=== Information shown ===
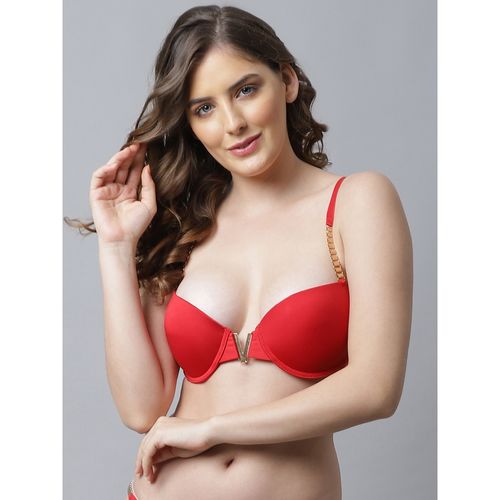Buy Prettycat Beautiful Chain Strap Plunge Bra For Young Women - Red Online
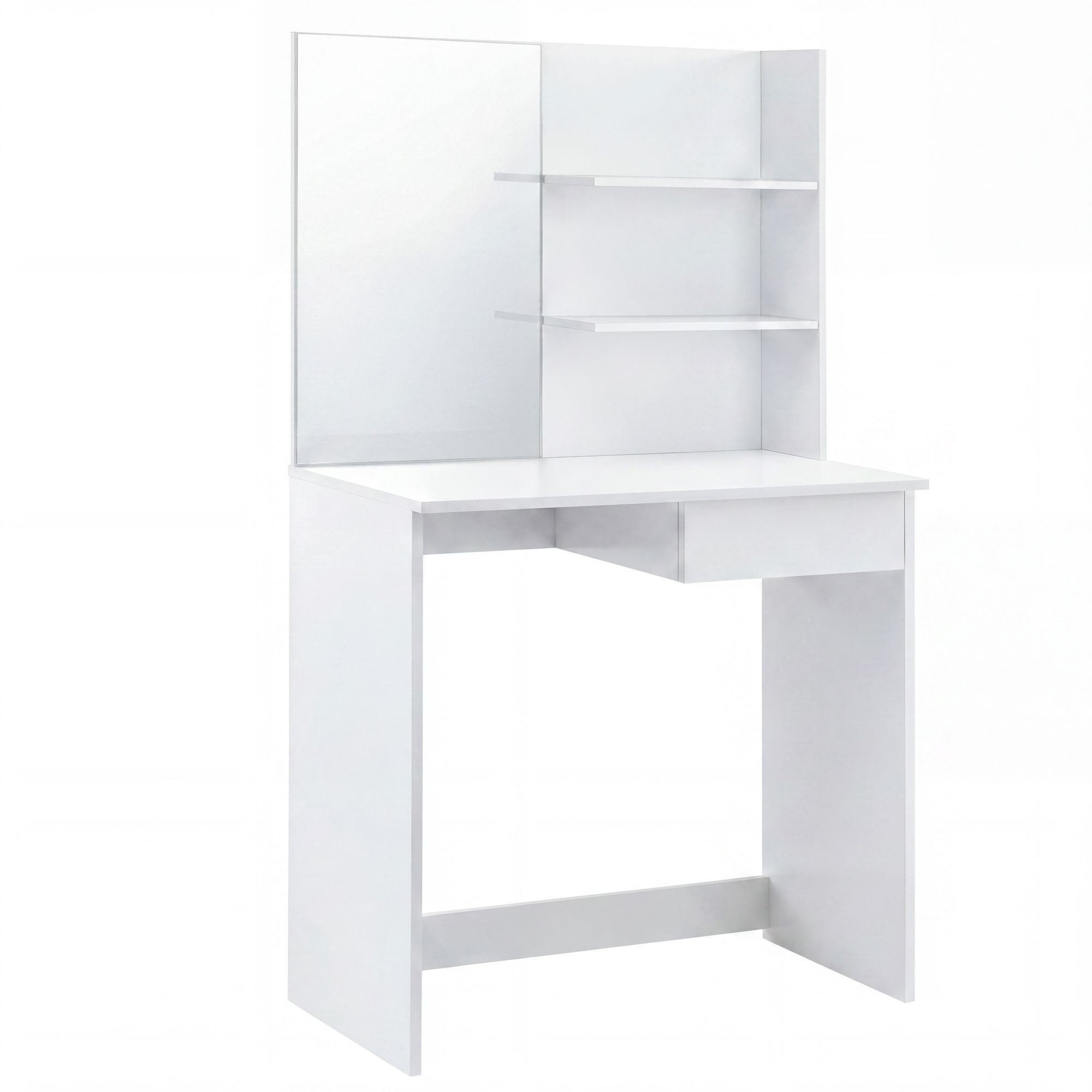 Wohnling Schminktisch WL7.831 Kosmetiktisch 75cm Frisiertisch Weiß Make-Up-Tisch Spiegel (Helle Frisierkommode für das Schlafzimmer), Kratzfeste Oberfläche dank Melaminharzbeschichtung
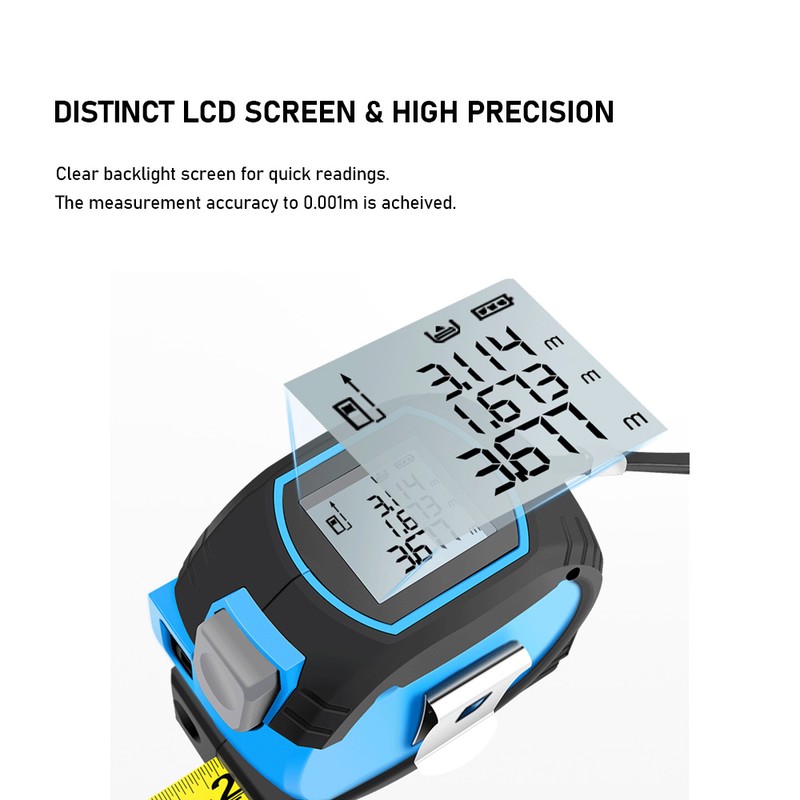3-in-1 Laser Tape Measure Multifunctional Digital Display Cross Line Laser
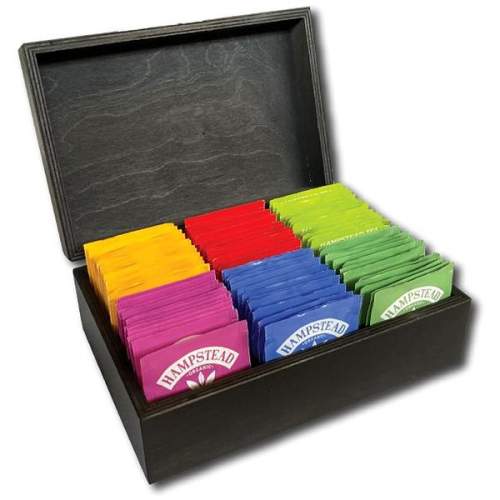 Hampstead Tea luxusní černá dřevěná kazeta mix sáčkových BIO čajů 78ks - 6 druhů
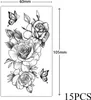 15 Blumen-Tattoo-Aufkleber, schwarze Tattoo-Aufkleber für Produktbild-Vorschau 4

=== Task directions ===
Copy exactly, please, every line from the one holding "3-in-1 Laser Tape" through the last line of the data, both ends included, and no pictures.

=== Solution to this task ===
3-in-1 Laser Tape Measure Multifunctional Digital Display Cross Line Laser
 Hampstead Tea luxusní černá dřevěná kazeta mix sáčkových BIO čajů 78ks - 6 druhů
 15 Blumen-Tattoo-Aufkleber, schwarze Tattoo-Aufkleber für Produktbild-Vorschau 4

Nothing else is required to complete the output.